Bagi penulis cerpen pemula, ternyata penting sekali nih menentukan sasaran pembaca sebelum kamu memulai menulis. Jadi pastikan sebelum menulis cerpen, kamu tahu siapa yang akan membaca cerpen kamu. 

Misalnya akan dibaca oleh remaja, orang dewasa atau siapa. Sasaran pembaca ini bertujuan untuk membantu kamu menentukan pemilihan bahasa dan menentukan alur cerita dan masih banyak lagi. Termasuk membantu dalam mengelola konflik. 

4. Latar Belakang Cerpen

Tahap yang tidak kalah penting saat menulis kerangka cerpen adalah memperhatikan latar belakang cerpen. Pastikan kamu tahu betul alasan kenapa kamu harus menuliskan cerpen tersebut. Apa dan kenapa kamu harus menuliskan cerpen tersebut? 

Setidaknya jika kamu tahu latar belakang cerpen yang hendak dituliskan, kamu tahu betul tentang cerpen kamu. Sebagai penulis memang harus lebih memahami,mengerti dan menguasai dengan sangat baik terkait latar belakang cerpen mereka. 
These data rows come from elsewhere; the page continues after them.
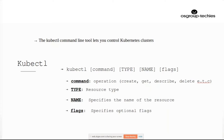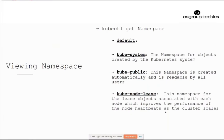There are four default namespaces. The first is default — where resources land when no namespace is specified. Then kube-system — a very important namespace containing all Kubernetes internal objects used by the cluster itself; do not mess with it. Then kube-public, and kube-node-lease. In our case there were five because there was a Kubernetes dashboard as well. Typically you will see these four namespaces everywhere.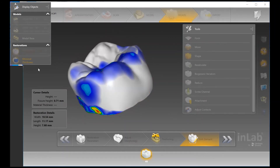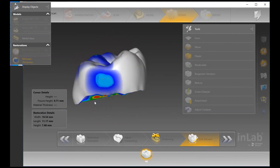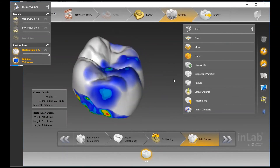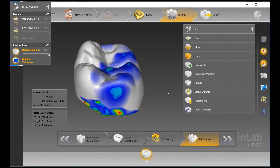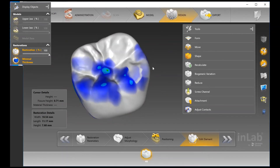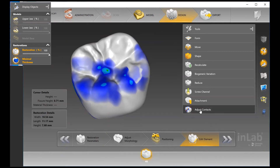I'm not going to use the Reduce Tool in this case because I'm using Cercon XTML, which already has really nice incisal translucency and gingival third staining. But it's nice to have that option.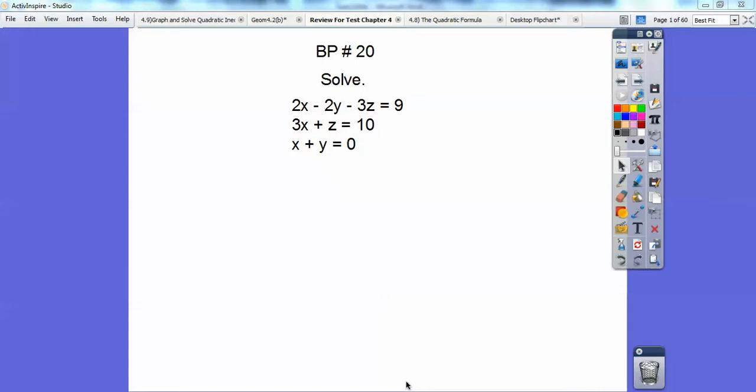Hey folks, this is a review for your Algebra 2 test on Chapter 4, so solving some quadratics. You have some imaginary numbers, and you're going to solve some quadratic inequalities as well.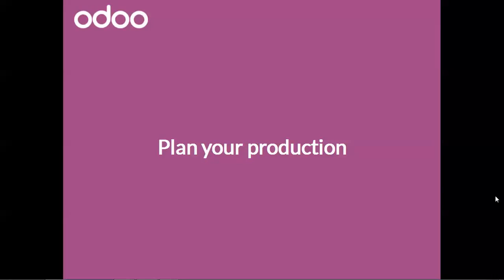Planning your production can be very useful for your company. You need an adapted tool to help you manage your business. That's exactly what Odoo is. Let's check this out.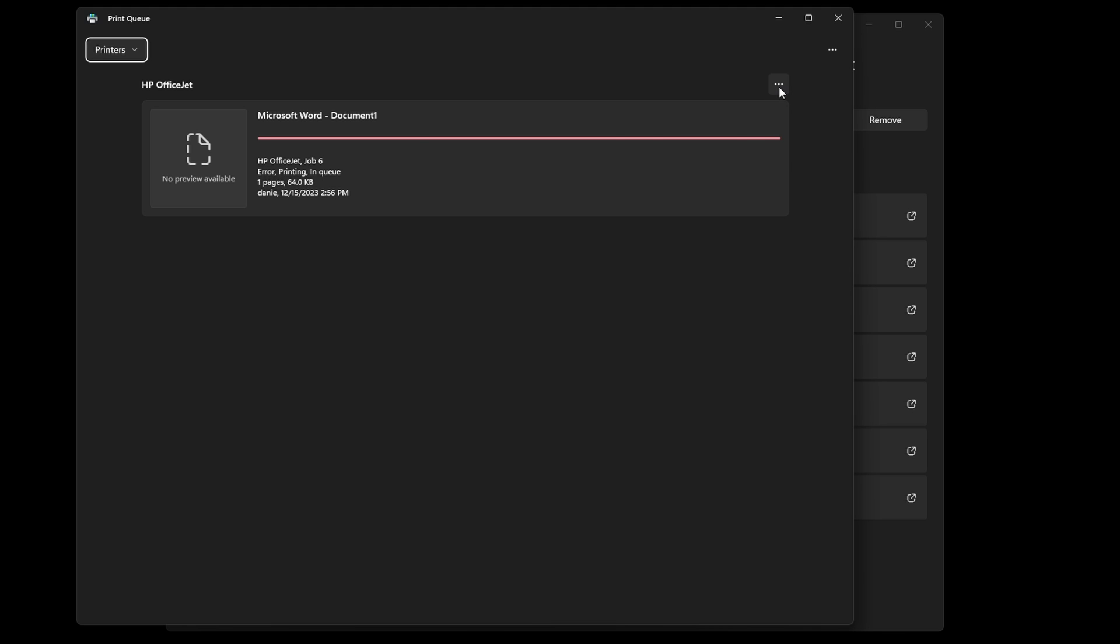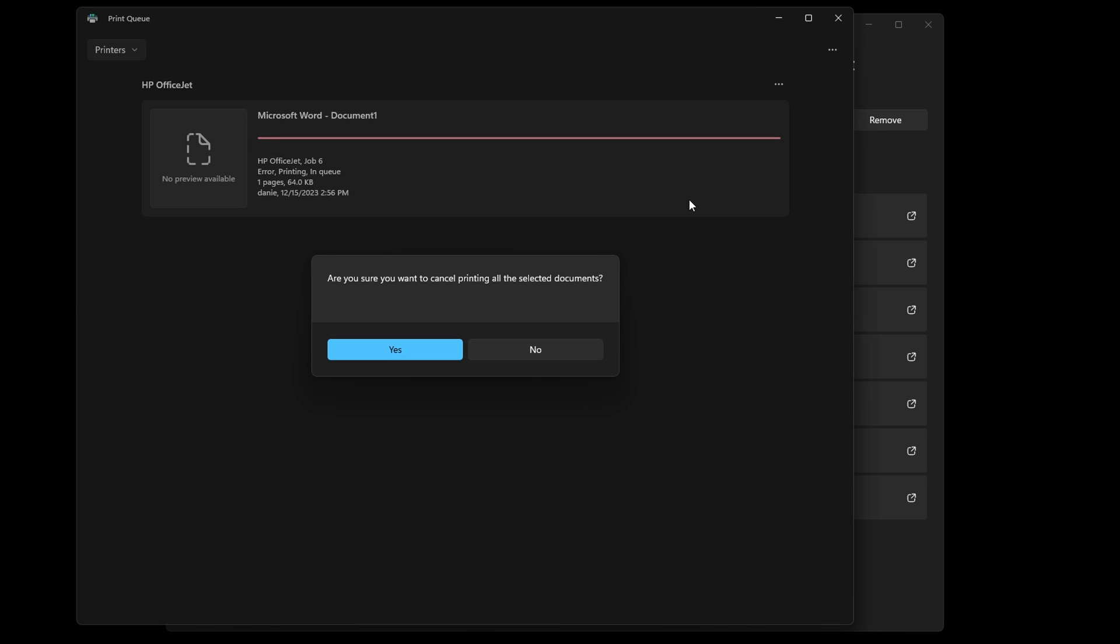All you need to do is click on the three dots at the top right of the window and select Cancel All. Click Yes on the confirmation window to cancel all prints.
Semakin penulis menguasai dengan baik latar belakang kenapa harus menulis, semakin menunjukan bahwa kamu memang sang pencipta. Seorang pencipta memang harus bisa menyatu dengan karyanya agar dapat melahirkan karya yang sarat akan impresi dan emosi untuk para pembacanya. 

5. Menentukan Tokoh

Tahap yang tidak kalah penting lainnya adalah menentukan tokoh-tokoh. Jadi kamu perlu mendesain tokoh secara rinci dan terfokus. Penting juga penulis memberikan ciri khas dan keunikan pada tiap masing-masing tokoh. 

Semakin tokoh memiliki karakter dan ciri khasnya masing-masing, maka semakin kuat karakter si tokoh. Semakin kuat karakter si tokoh, semakin jelas keberadaan si tokoh dalam cerita. Sehingga pembaca tidak terbawa ke dalam drama akting yang panjang dan menyebalkan.

Bentar, kalian tau nggak perbedaan tokoh dan penokohan? Ternyata beda lo. Untuk lebih jelasnya, yuk baca pada perbedaan tokoh dan penokohan.

6. Perancangan Konflik dan Alur

Tahap kerangka cerpen selanjutnya adalah merancang atau menentukan konflik dan alur cerita. Tips agar cerpen tidak terkesan asal dibuat, maka seorang penulis perlu menentukan alur.Pembuatan alar inilah yang dapat juga membantu penulis menulis secara terarah. 

Saat membuat konflik, penulis juga perlu mendesain. Nah, berbicara tentang konflik, ada yang sedikit berbeda. Jadi konflik pada cerpen dan konflik novel berbeda. Pada cerpen, konflik dibuat lebih sederhana. Meskipun sederhana, tetap memiliki konflik utama dan konflik puncak. 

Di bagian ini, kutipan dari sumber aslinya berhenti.